Release DetailsLABEL Nuclear Blast
RELEASED ON 3/25/2008
posted on 6/2008 By:
2008 has been good for folk metal devotees so far, especially fans of the Finnish scene. Not only did Moonsorrow release their awesome and epic Tulimyrsky EP, but the Paganfest tour rolled through Europe and North America with Ensiferum and Turisas in tow, providing more than enough reason for fans of anything viking or epic to put back a few pints and let their hair down. Korpiklaani also released a new album, but without nearly as much excitement surrounding it. I can understand why a new album from the 'klaan would fail to hold people's attention: they've been releasing full-lengths on the year every year since 2005 and I'm pretty sure "consistency" is the rough English translation for their name. But Korven Kuningas deserves some applause, because though it's almost exactly like the two albums that came before it, it's still fun folk metal done right.
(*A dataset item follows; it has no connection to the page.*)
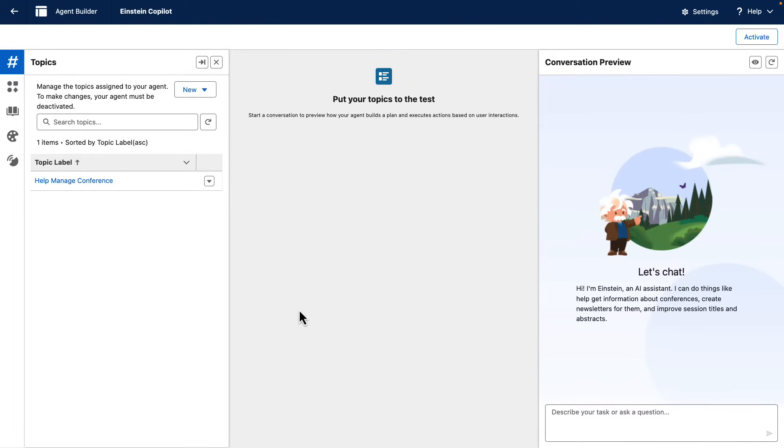In today's use case, we're going to take a look at how we can provide complex instructions to an agent so it can orchestrate its available actions in the way that we need to fulfill customers' requests.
If you're familiar with Korpiklanni's past work and you're a fan, you have all the information you need to stop reading and go out and buy this record now. If you're new to the humpaa game, I'll try to bring you up to speed. It's simple really. You get fast-paced, up-beat songs, usually centered around the traditional Finnish humpaa (a variation on the polka) and utilizing a variety of traditional folk instruments like the jouhikko to accompany fairly straightforward but enormously engaging metal arrangements. Finntroll also plays this kind of metal, but they're darker and heavier than Korpiklaani, who emphasize the folk and fun a touch more. Sometimes they slow things down and push the pipes and violins to the center. There's at least one song per album devoted to (what else?) drinking and a slew of others that sing nostalgic and romantic about the north like black metal bands would if they took their anti-depressants. And it's great music. That's pretty much it.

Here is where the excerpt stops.